Review: Ernst, Matter-Siebel, and Schmidt, eds., <i>Revisionist Approaches to American Realism and Naturalism</i>

Review: Ernst, Matter-Siebel, and Schmidt, eds., Revisionist Approaches to American Realism and Naturalism

Jutta Ernst, Sabina Matter-Siebel, and Klaus H. Schmidt, editors. Revisionist Approaches to American Realism and Naturalism. Universitätsverlag Winter, 2018.

Using “revisionist” in the title of a text is something of a hostage to fortune, and it sets the contributors to Revisionist Approaches to American Realism and Naturalism a considerable challenge. Fortunately, most of the essays in this timely collection achieve this claim in broad terms, providing some provocative textual readings and sustained engagement with existing theoretical positions. The emphasis overall is weighted slightly towards naturalism rather than realism, which may be for a number of reasons. Firstly, theoretical arguments concerning realism—especially the validity of its representational claims—have been well rehearsed over at least the last three decades, as Winfried Fluck’s opening essay notes. Secondly, naturalism has thus been relatively overlooked in terms of these critical debates and so is arguably more ripe for revisionist interventions at this point in time.

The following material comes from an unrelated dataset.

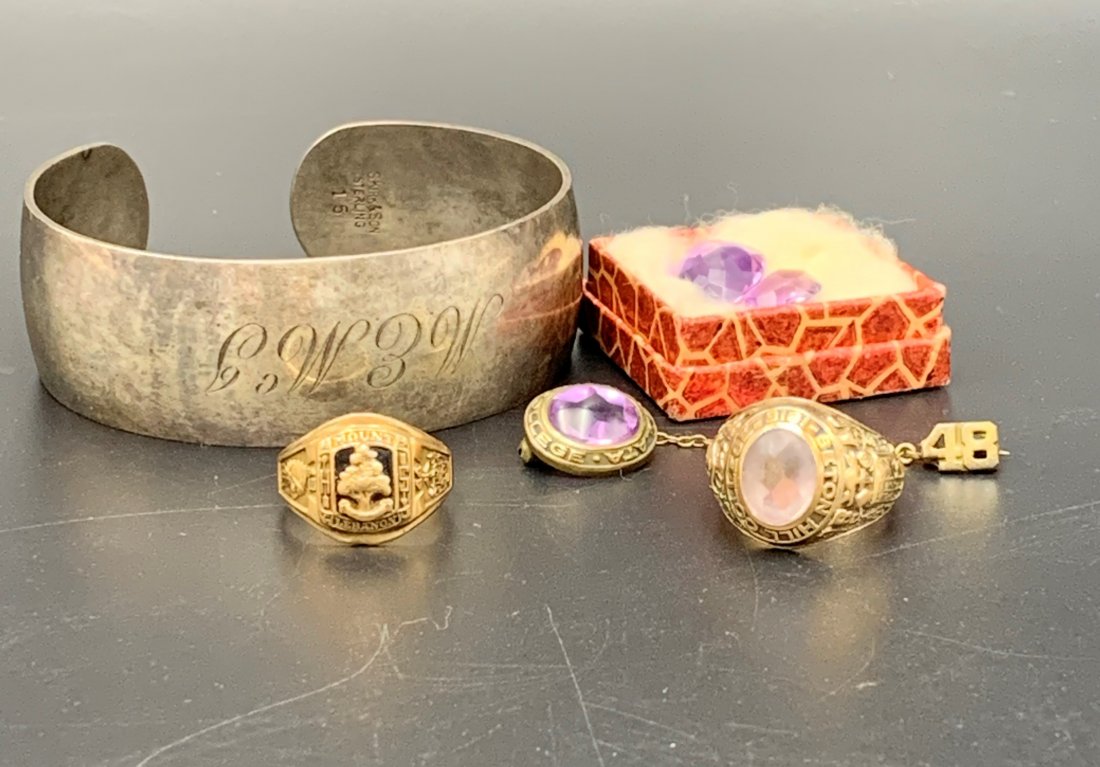 Estate Lot of 10K Yellow Gold/Sterling/Gem Stones: Estate Lot of 10K Yellow Gold/Sterling/Gem Stones. Two 10K Yellow gold class rings. 10K Yellow gold sweater pin. Two amethyst gem stones. Sterling silver cuff bracelet weighing 1.3 OZT. Total gold wei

Perhaps indeed, as some of the essays herein suggest, there is more theoretical meat available to “revise” with regard to naturalism.

The collection is also heavily weighted towards American realism and naturalism of their respective “classic” periods, despite the Introduction noting that a resurgence of critical interest is in part attributable to “the renaissance of realist and naturalist strains in recent American fiction” (viii). This is telling in terms of the cultural forms analysed by this collection, which tends towards a multi-media, multi-genre, and interdisciplinary approach, with essays on a number of novels, obviously, but also on poetry and photography. There is almost nothing on film, however, while television is entirely absent, which is both a little surprising and slightly disappointing, given that they are strongly narrative mediums associated with realism and, to a certain extent, naturalism. Certainly one of the most striking elements in the recent resurgence of realism and naturalism noted in the Introduction is the forms’ manifestation through lengthy TV narratives, as in notable twenty-first-century American serials including The Shield, The Wire, Breaking Bad, Better Call Saul, Dexter, and The Night Of. The general absence of discussion of more recent manifestations of realism and naturalism in American culture does mean, however, that revisionist approaches broached within these pages may be adaptable for scholars examining these more recent texts.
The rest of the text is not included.